Were we annoyed? Of course. But one of us also had their suspicious cap on that things were not all they seemed – more about that later (because we love to keep you in suspense)

Initially however, the question was what to do? We could have done what many a public file provider on a blog does, shrug our shoulders, put it back up under a different name***, alter the link, and carry on as before. But nice people that we are, we didn’t wish to antagonise Mediafire when they were being nice enough to provide us with free uploading space. You never bite the hand that feeds.

The second option was to say ‘screw it’, leave it down, and wait to see if the other one was reported. If people were that desperate for a package version, they could always download the Sim3Pack version still up on the site and use Delphy’s Sim3pack multi-installer to convert them.

The third option was to contact them directly and try to persuade them to withdraw their claim, to appeal to their good nature.

The fourth option – the difficult one – was to counterclaim against IFPI, in effect to go into battle with them over it.

Knowing how much we’re never happier than when we’re making life difficult for ourselves, guess what one we went for?

 

There was method to our madness: if we tried persuasion first, and IFPI chose to simply ignore us (at this point, they held all the cards, they’d got what they wanted and didn’t need to deal with us), we were screwed. The best form of defence is often counter-attack, so long as you know what point to attack.

‘Did You No Wrong’

Therefore, the might of the International Federation of the Phonographic Industry got itself a bit of a shock when they discovered that the little Sims 3 blog The Mare Nest proved to be a mouse that roared, for as well as arguing our case that what we were doing was harmless, we filed a counter-claim against them.

The above two are taken from the copy we had sent back to us from IFPI (for some reason with all format lost like it’s a bloody medieval manuscript in the days before paragraphs were invented!).

The sting in the tail to our plea to Mediafire was our counter claim. To quote:

‘May we also question the role of the IFPI in making this complaint? The IFPI concerns the piracy of RECORDED MUSIC ONLY.

To quote from their website their mission statement is:

1. Promote the value of recorded music

2. Safeguard the rights of record producers

3. Expand the commercial uses of recorded music.

Ergo, as the IFPI’s claims are ultra vires, we request that the suspended file is reinstated on the Mediafire network.’

All The Best,

The Mare’s Nest

When a copyright complaint is filed at Mediafire, it is ‘under penalty of perjury’. If as we charged the IFPI were knowingly acting outside of their remit, the IFPI had made a perjured complaint which, in theory, Mediafire could claim against them for wasting their valuable business time, etc, etc, etc.

Companies love suing one another, especially American ones – it gives them an enormous corporate boner – and the Mediafire Texans probably have suffered that many bellyaches from the Swiss IFPI (‘damn those European cheese-eating surrender monkeys!’) that an open invitation to get them back wouldn’t have needed any recommendation.

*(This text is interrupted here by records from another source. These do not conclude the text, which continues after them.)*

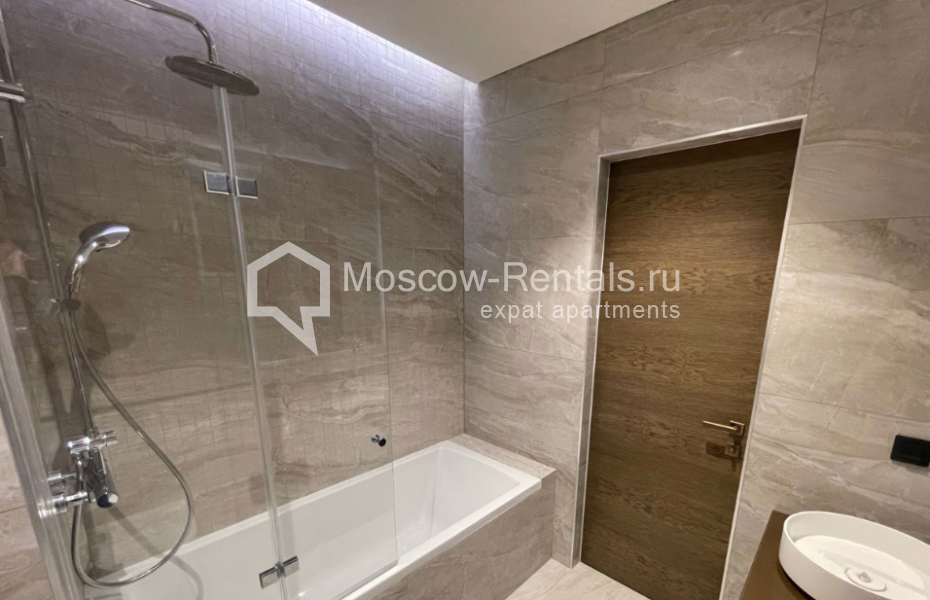 Photo #8 3-room (2 BR) apartment for <a href="http://moscow-rentals.ru/en/articles/long-term-rent" target="_blank">a long-term</a> rent
 in Russia, Moscow, Bumazhnyi proezd, 4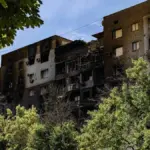 Мешканці зруйнованої багатоповерхівки в Херсоні збирають кошти на експертизу пошкоджень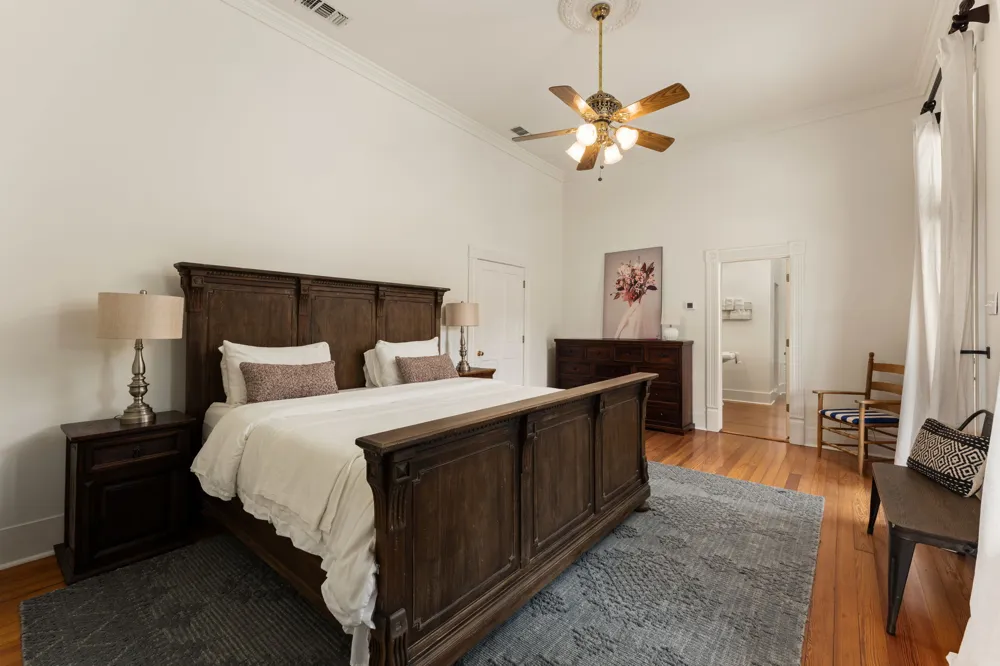 3409 Gatlin Creek Road Dripping Springs, TX 78620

‘Claustrophobia, There’s Too Much Paranoia…’

Suffice to say, this went down like a dose of iron tablets in someone with constipation.  It was three days before the IFPI curtly got in touch with us, now with a change of tack.

Oooo, sneaky! In response to our j’accuse that they were acting ultra vires, they were now trying the oldest law trick in the book – a loaded closed question (ie. one that can only be answered by ‘yes’ or ‘no’) that answered either way would damn us and allow them to continue claiming they were acting on the behalf of their client.

Your humble narrator here was all ready to really let rip, but the other half advised that ‘Aarin said you actually catch more flies with vinegar than honey, but they were flies’ – reminding in the context she’d said this, a certain Zhivan was to believe nasty things about Jix2993 because he was deliberately misinformed and had taken what he’d been told in good faith, as nice people are wont to do.

When asked to elaborate, the other half said we were making the mistake of assuming that the IFPI actually knew what they were actually complaining about.  And if what the other half suspected was the case, we had a duty not merely to get our file restored, but to leave the IFPI a lot better educated – for the sake of all Sims custom content producers.

But on that point, we must pause, and give you a concise rundown as to what the IFPI is.

(This is the ‘heavy stuff’ so feel free to skip it and come back to it later!)

‘I Spy For The IFPI…’

The IFPI – the International Federation of the Phonographic Industry – has been on the go since 1933 (as its detractors from the pirate sites love to remind us, at a conference in Fascist Italy), and pertains to represent the recording industry worldwide, or at least those affiliated to it. They mean well, but rather like Todd with the Book Of Pure Evil, they’ve had mixed results.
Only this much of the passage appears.